The sixteen Chinese-style auspicious banners of the Arhats which had headed the Alms Procession the day before now lined the wings either side of the main stage, and the lowest tiers were brightened by bouquets of fresh flowers, huge chrysanthemum blooms in deep purples, whites and yellows. On the second tier, three low thrones had been placed, for the Gyalwang Karmapa and his two heart sons, Jamgon Kongtrul Rinpoche and Gyaltsab Rinpoche. The rows of gelongs sitting on the steps had been reduced from three to two, and between the second and third tier, to left and right, a new array of offerings in three rows had been arranged for the Offering to the Gurus. The first two rows comprised pyramids of persimmons, green grapes, red apples, and oranges, heaped onto silver and golden stands. Above them on the third row were two long tables. To the left were the eight auspicious symbols: the white conch; the precious umbrella; the victory banner; the golden fish; the Dharma wheel; the sacred knot; the lotus; and the treasure vase. On the right were the seven articles of royalty: the precious wheel, the precious jewel, the precious queen, the precious minister, the precious elephant, the precious horse and the precious general.
The morning session began with Mahayana Sojong given by Gyaltsab Rinpoche; a fitting end to this Monlam in which he has played a greater role than previously. His Holiness came for the second session, the first part of the Offering to the Gurus.
The offerings are made at the wooden pagoda shrine on the third tier, inside which a golden image of the baby Buddha stands. This image reflects the story of the Buddha’s birth at Lumbini. According to the traditional account, the Buddha was born from the right side of his mother, as she leant against a tree. When he landed on the ground, he took seven steps in each of the four cardinal directions, and lotus flowers opened beneath his feet. Pointing his right hand towards the sky, and his left towards the earth, he declared: “In all of heaven and earth, I am the most venerated one.” He was referring not to himself personally but to the Buddha nature which exists in every one.

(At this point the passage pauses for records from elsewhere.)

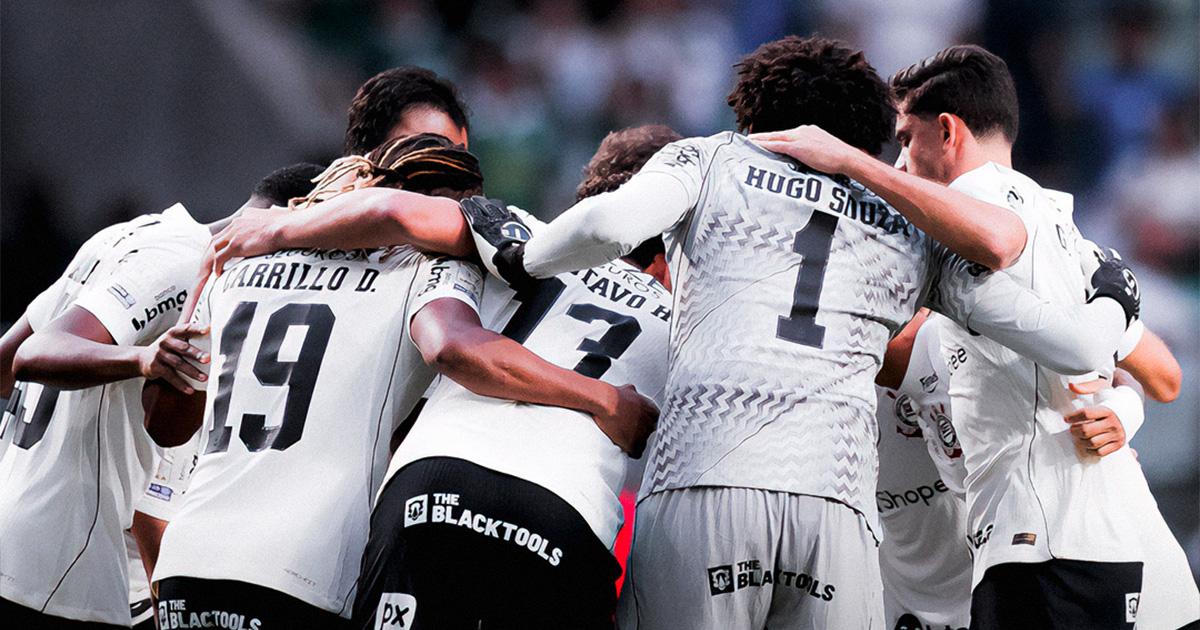 Carrillo fue titular en la caída de Corinthians ante Palmeiras en el derbi paulista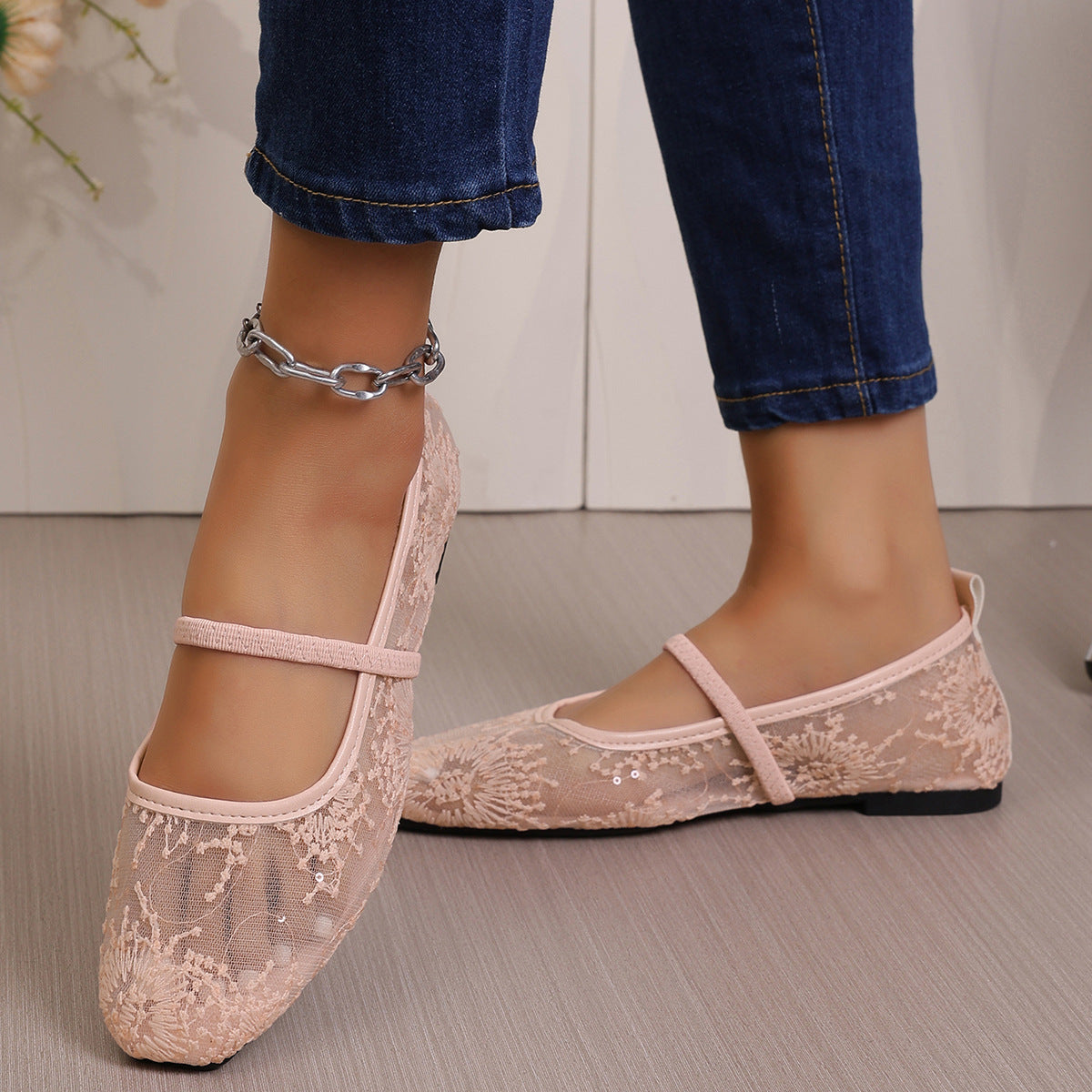 Chic Orthopedic Shoes with Unique Design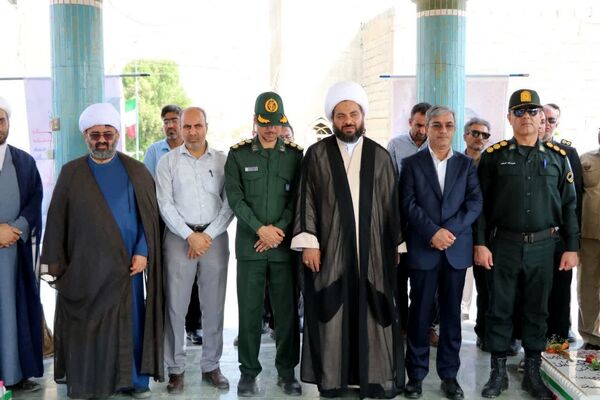 تجدید میثاق با شهدا و آرمان‌های انقلاب در آغاز هفته دفاع مقدس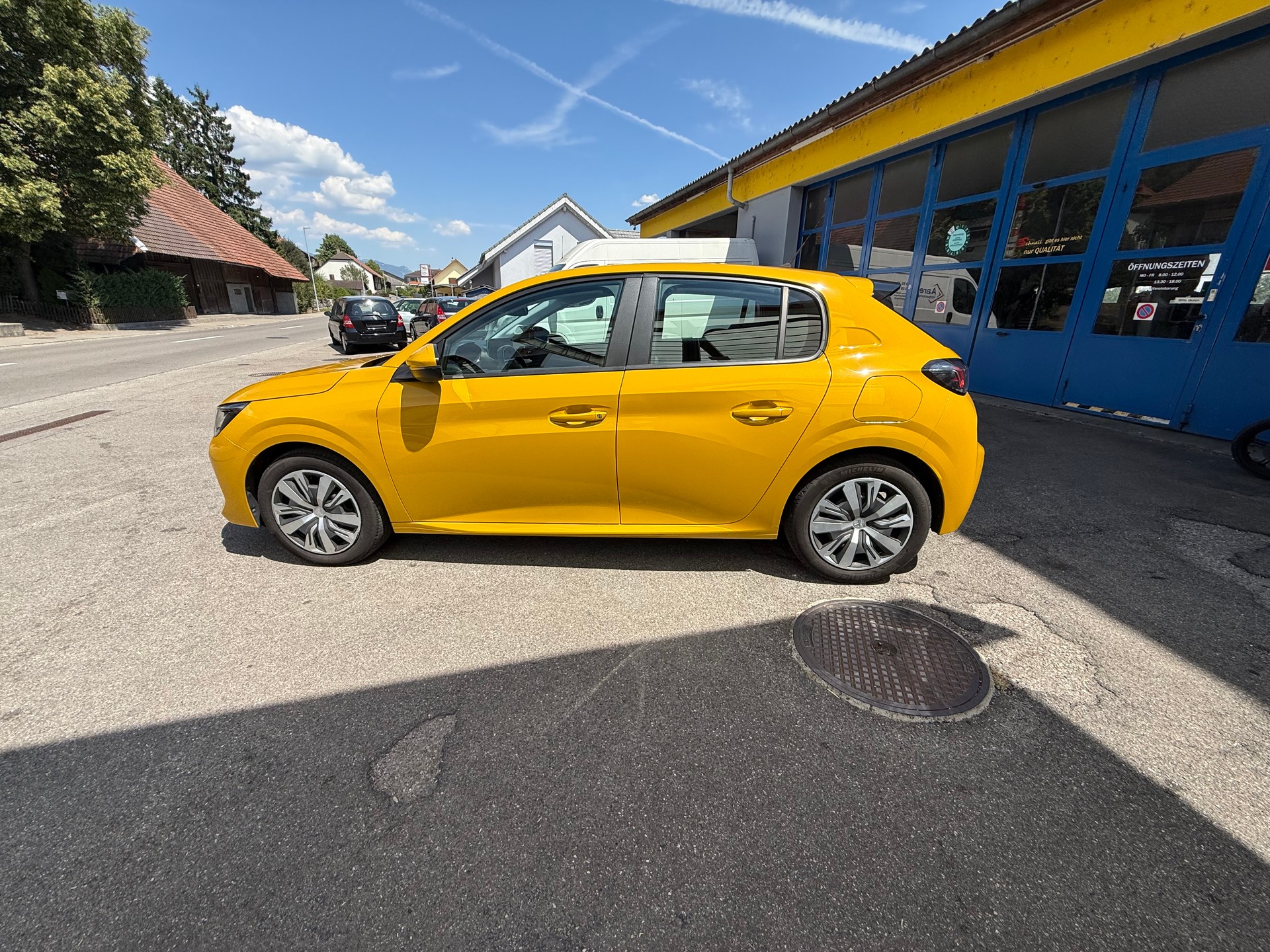 PEUGEOT 208 1.2 PureTech Allure-image-6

There was a special surprise for everyone this year, linking the Monlam with the Kagyu Monks’ Winter Debate. Twelve monks, drawn from all nine shedras that participated in the Kagyu Gunchoe, held a fifteen minute Tibetan-style philosophical debate. The topic was whether the view of emptiness should be rangtong or shentong. Is it empty of other or empty of itself? There were four responders, who sat wearing traditional yellowtsesha and the yellow chögu, and eight presenters. Drawing on both quotations from scripture and logic to make their points, the monks hotly contested the topic. As the debate grew fiercer, the presenters' actions became more vigorous, clapping their hands, stamping their feet, and shoving and pushing each other. Tibetan debate may seem combatative but actually in essence it is cooperative, as the two sides work together to help each other reach a deeper understanding of the topic.
The Lama Chöpa puja continued after lunch.
This year’s Kagyu Monlam at Bodhgaya has been the largest ever, with approximately 5000 monastics, 4000 international laypeople, and 3000 Himalayan people, the final tally approaching 12,000 people.